ロボット業界で活躍する女性にスポットを当てた連載「活躍するロボジョ」。第21回は、パナソニック アドバンストテクノロジー(大阪府門真市、水野勇介社長)の後藤彩さんを紹介する。大学では数式シミュレーションについて研究した根っからの理系で、プログラム作成やソフト開発が得意。「ソフト系の研究をしていたので、実物を伴う製造業で働きたかった」と話す。「ロボット開発部門に来たのは2年前。プログラム通りに動くため結果が分かりやすいのがいいですね」と後藤さん。「まずはロボットアーム開発の知見を深め、その先のキャリアに生かしたい」と言う。

ソフト開発ならおまかせ

 大手電機メーカーのパナソニック。たくさんあるグループ会社のうちパナソニック アドバンストテクノロジーは、グループ会社内外の製品に搭載する先進的なソフトウエアの開発を担っている。研究開発部門イノベーション基盤開発室の第二課は、特にビジョンシステムと連動したさまざまなマニピュレーションシステムのソフト開発を担当する部署だ。

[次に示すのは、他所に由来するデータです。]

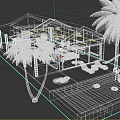 Detached Villa With Swimming Pool Surrounded By Palm Trees Lounge Chairs And Wooden Deck Floats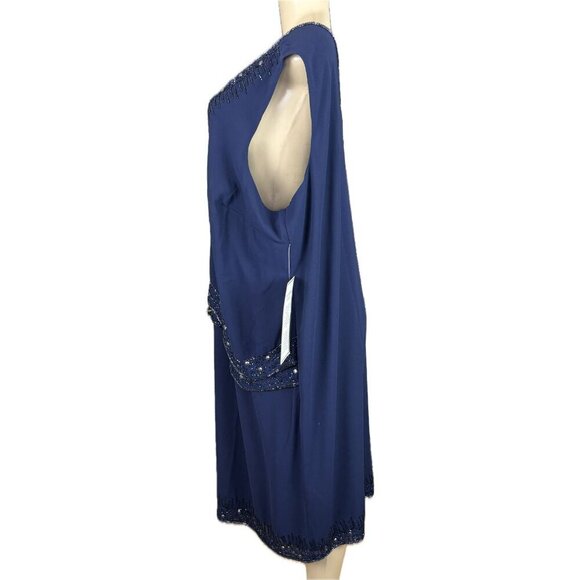 Roaman's 24W Navy Sequin Beaded V-Neck Lined Layers Sleeveless Below Knee Dress - Picture 5 of 6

 後藤彩さんは、プログラミングやソフト開発に関する知見を買われ、2021年に第二課に配属された。後藤さんが担当するのは、例えばティーチングシステムの組み込みソフトから、ビジョンシステムのリアルタイム画像処理と補正、エンドエフェクターの軌跡に応じて各関節をどう動かすかを決定付けるプログラムなど、非常に幅広い。後藤さんの上司にあたる高橋三郎イノベーション基盤開発室室長兼第二課課長は「今後のロボットに重要となるビジョン関連の先進的な技術を持っている。第二課の貴重な戦力として活躍してくれている」と評価する。

入社から開発一筋

「ロボットの勉強がはかどったのは、第二課の先輩たちに教えてもらえたおかげ」と言う

 後藤さんのプログラミング技術の原点は、大学時代に学んだ情報科学にある。数式をシミュレーションする過程でプログラムを記述する経験を重ねてきた。「ソフト系の研究ばかりしていたので、実際にものづくりをするメーカーで働きたかった」と話す。

 入社後は住宅のインターホン内蔵カメラや車載カメラに搭載されるソフトウエアなどの開発に携わり、人物や物体を検知し画像認識技術で見分ける機能の開発の一端を担った。その後も画像認識技術をベースにしたソフトを中心に、入社以来13年間にわたり開発一筋で取り組んできた。

 第二課に配属されるまで「ロボットを見たり触ったりしたことはなかった」と言う後藤さん。「与えられた仕事をこなしながらロボットの勉強をしなければならないため、初めは大変でした。ただ、プログラムに基づいて動くロボットは勉強の成果が分かりやすく、モチベーションは高かった」と振り返る。